Die Entdeckung des überlebenswichtigen Hormons Insulin im Jahr 1921 markiert einen bedeutenden Wendepunkt in der Geschichte der Diabetesbehandlung. Lange Zeit war eine strenge Diät die einzige Therapieoption für Betroffene. Insbesondere beim Typ-1-Diabetes führte die Stoffwechselerkrankung zu einem frühen Tod. Doch dann gelang es den beiden Forschern und Medizinern Frederick Banting und Charles Best in Kanada, Insulin aus den Bauchspeicheldrüsen von Tieren zu extrahieren. Die Behandlung mit Insulin war der entscheidende Durchbruch, der es seither Menschen mit Diabetes ermöglicht, mit der Erkrankung zu leben.

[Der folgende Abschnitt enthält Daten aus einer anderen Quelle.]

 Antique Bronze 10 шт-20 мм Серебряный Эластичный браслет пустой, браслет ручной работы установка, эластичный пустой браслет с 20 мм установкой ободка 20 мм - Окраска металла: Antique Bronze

1923 begann die Produktion von Insulin im industriellen Stil in Frankfurt Höchst auf dem heutigen BioCampus von Sanofi – ein wichtiger Meilenstein in der Versorgung von Millionen Menschen mit Diabetes auf der ganzen Welt. Heute produziert Sanofi Insulin in Frankfurt rein biotechnologisch. Dieser aufwändige Prozess basiert auf genetisch modifizierten Bakterien und benötigt 130 Einzelschritte. Dabei entstehen, abhängig von den verwendeten Bakterien, unterschiedliche Insuline. Daraus werden jährlich etwa 500 Mio. Insulinpatronen produziert und rund 450 Mio. Insulinpens von Frankfurt aus in die Welt verschickt.